Yea Catchers!

By Coach Fox

A catcher is the team leader and should be the spirit of the team, trained to be the coach on the field. Train your catcher to know where the team is, and where the game is, when the intensity of the game has other young players intimidated. Being your team’s catcher is the best, most funnest-of-all, greatest position in all of sports – to be a catcher is a prize in itself.

Hard work and hard play are the trademarks of the catcher. “Owning Home Plate” is an attitude a catcher must embrace, much like owning your first bike. The sooner the catcher absorbs the attitudes of catching, the sooner they become a Diamond Master catcher. Acquiring catching skills is not so much a ball field practice event, as it is a “Life” event. The skills and philosophies that it takes to direct a Win from behind the plate, never leave the catching character.

As a coach, evaluate and determine who has a thick enough skin to be your catcher, as a catcher with great physical catching skills is not going to be a good catcher if they have thin skin. You want a “competitor”, someone who despises, is embarrassed by losing.

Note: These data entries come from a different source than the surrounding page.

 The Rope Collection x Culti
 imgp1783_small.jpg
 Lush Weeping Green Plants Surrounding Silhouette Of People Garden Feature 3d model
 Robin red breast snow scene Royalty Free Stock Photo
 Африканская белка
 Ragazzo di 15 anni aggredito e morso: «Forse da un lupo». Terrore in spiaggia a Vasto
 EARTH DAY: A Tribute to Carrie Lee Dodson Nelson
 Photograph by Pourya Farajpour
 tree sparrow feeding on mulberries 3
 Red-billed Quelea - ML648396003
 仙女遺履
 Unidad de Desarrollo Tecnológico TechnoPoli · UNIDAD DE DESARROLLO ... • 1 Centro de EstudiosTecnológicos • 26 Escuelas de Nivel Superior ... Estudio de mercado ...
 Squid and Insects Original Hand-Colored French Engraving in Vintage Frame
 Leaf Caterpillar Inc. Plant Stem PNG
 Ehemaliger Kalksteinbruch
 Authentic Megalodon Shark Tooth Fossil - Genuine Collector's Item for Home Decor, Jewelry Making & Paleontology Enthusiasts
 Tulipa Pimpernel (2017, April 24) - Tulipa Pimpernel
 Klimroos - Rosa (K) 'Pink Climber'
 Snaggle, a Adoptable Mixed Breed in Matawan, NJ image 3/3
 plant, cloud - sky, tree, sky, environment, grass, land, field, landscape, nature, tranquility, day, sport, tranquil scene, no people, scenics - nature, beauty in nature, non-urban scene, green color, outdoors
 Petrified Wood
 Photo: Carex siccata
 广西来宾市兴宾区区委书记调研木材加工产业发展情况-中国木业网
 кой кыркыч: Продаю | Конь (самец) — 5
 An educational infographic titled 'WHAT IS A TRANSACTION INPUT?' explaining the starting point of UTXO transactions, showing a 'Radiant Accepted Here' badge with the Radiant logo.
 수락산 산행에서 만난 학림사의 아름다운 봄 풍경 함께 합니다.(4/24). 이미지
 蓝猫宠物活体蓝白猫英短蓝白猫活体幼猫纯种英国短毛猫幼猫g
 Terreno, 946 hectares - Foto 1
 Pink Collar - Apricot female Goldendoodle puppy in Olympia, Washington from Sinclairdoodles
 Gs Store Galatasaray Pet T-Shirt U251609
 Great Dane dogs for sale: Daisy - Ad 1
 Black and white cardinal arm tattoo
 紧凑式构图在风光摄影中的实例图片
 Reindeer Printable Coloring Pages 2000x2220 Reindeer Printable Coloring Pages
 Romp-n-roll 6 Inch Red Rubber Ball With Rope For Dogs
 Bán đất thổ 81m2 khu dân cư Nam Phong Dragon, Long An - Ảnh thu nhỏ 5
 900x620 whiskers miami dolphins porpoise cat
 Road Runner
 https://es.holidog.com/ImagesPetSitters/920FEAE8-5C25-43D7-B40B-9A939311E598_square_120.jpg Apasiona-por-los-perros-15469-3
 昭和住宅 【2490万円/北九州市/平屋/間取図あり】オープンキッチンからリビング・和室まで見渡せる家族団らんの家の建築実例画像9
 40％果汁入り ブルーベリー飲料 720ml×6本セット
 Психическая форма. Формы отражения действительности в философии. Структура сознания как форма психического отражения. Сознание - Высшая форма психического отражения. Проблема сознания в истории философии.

If you have a dominant catcher from the beginning, find the second catcher and have them work together. Have both catchers participate at the plate taking infield. Both catchers should participate in warming-up the game-day pitcher. If the first catcher is late to the plate for the defensive half of the inning, do not have a coach warm-up the pitcher, have the second catcher warm-up the pitcher, no matter his D position.

Train all catchers into a frame of mind to work with the umpires. No one is closer to the umpire than the catcher, and therefore has a chance to make an impression for his team. Help the ump with pitch calling by leaving the pitch where it is caught, so the ump can get a good look, not attempting to drag a ball off the corner, onto the corner for some kind of fake, slight-of-hand catcher-sly trickery.

If your catcher has a tendency to throw high, into centerfield, when throwing to second base, it is because they are raising their body as they are in the throwing motion, thus the ball sails to the center fielder. Teach your catcher two catching positions: First, is comfortably crouched behind the plate when no runners are on base, catch-away. Second, with runners on, the catcher’s front foot moves forward about 18 inches and the back foot is parallel with the pitching rubber, the butt rises so the thighs are parallel with the ground. Thus, the body is in a position to throw quickly with no steps and no rising body through the throwing motion to second base. The catch and throw to a base are one extended, coordinated movement; quick, with a throw over the shoulder, not three-quarter or side arm. This throw will not sail and even if thrown low, the receiving infielder can still make a play at the base.

With a foul pop-up, train your catcher to throw the mask away, so it will not be under-foot, and get to the back screen first, and then come back toward the playing field to make a catch. Your catcher needs to know where the screen is in relation to the pop-up. *With a runner on third and a passed ball, teach your catcher to visualize where the plate is as they go after the ball and then “hike” the ball to the covering pitcher for those passed balls hung-up on the back-stop. Hike it low, even if it touches the ground on the way to the pitcher. (The first baseman would be charging to back up the pitcher.) The catcher will learn to make this play, and save some runs, maybe save some games.

On pitches inside or outside, in the dirt (with runners on), teach your catchers to slide into the ball on their shin-guards, thus blocking the pitch at a point where it can be handled. Your catcher must learn to love to “dig”.

On a bunt, your catcher must first instantly know where the base runners are. As a general rule the pitcher will be charging the bunted ball. Practice the 6 or 8 foot bunt range with your catchers and pitchers with no runner on 3rd base. With a runner on 3rd base, the catcher stays home and the pitcher makes the play. With runners elsewhere (besides 3rd), or no runners at all, a bunt inside the 6 (or 8) foot range is the catchers, a bunt outside that range is the pitchers.

It is also the catcher’s job to “frame the strike zone” for the pitcher with their glove and body. It is not just the pitcher’s job to throw strikes; the catcher is also in that rickshaw.

Catchers Rock! Catchers win prizes, and then grow!